Though there are many inherent blessings in our salvation, the greatest is God Himself. This truth is the essence of our faith, one which the church dare not forget. To preach an exclusive message of secondary blessings apart from central message of Christ as our greatest treasure will certainly lead to a gospel presentation that is in step with the culture’s pragmatic, self-oriented view of life. It is time-bound and strips God of glory, making Him useful, but not gloriously better than any one of His blessings. The modern church is in a precarious position, teetering in this tendency to reduce God to a glorified Santa Claus. Beware of a theology spoken or implied that in any way reduces God to one whose primary interest is to make us happy by giving us more of the things that tend to steal our heart affections away from Him. As the rest of Romans 8 makes clear, suffering, not blissful blessings of health, welfare, and prosperity, await the church of God, till finally glorified and with God who is the greatest pleasure (Psalm 16:11). Suffering and hardship are not removed from Christian experience, but rather are God's means, in accordance with His grace, intended to cause us to look to Him as our sufficiency in all matters of life (Romans 8:35-36).

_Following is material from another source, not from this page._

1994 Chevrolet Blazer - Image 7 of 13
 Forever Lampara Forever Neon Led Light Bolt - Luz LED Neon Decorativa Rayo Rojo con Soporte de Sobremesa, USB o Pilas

So what is the need that God meets that is greatest of all? He grants us His Son, whose death pays the penalty for sin and whose sinless life provides righteousness to those who believe. He gives us faith (Ephesians 2:8-9) in order to believe and be made righteous. He declares us righteous and removes our condemnation. He gives us the Spirit, who imparts salvation, prays for us (Romans 8:26-27), and guarantees our salvation. He pours out His loves for us through His Spirit (Romans 5:5). Ultimately, He glorifies us, making us fit to receive glorious and eternal relationship with Him. In a word, He gives us Himself, and provides all the means to a rich and inexhaustable relationship with Him. Realizing that God is my greatest need and that He has provided all the means to get us to Himself, helps us see our way through suffering; helps us pursue Christ for strength to know Him more fully in times of hardship; helps us seek the Spirit's help in dying to sin that robs of us of joy; gains us perspective of the illusory pleasures that entice us away from God; and enables us to see the physical delights of this life in their proper place as signposts to the greater joy in God. Let's be diligent to fight against the strong urge to make this life be what God never intended it--a replacement for life in Him. Let's fight well, informed by the word of God, enabled by His grace through the Spirit, and diligent in our quest to know and love the God who first loved us--toward our eternal joy in Him!

The good news, then, and the central message of the church, is that Christ has died for sins in order to bring us to God, who is the greatest treasure. No condemnation is good news, because it means we get God rather than His wrath. Let’s be careful to understand that God is working all things together for the good of those who love Him (Romans 8:28) in order to maximize our joy in Him, as we are conformed to likeness of His Son (Romans 8:29).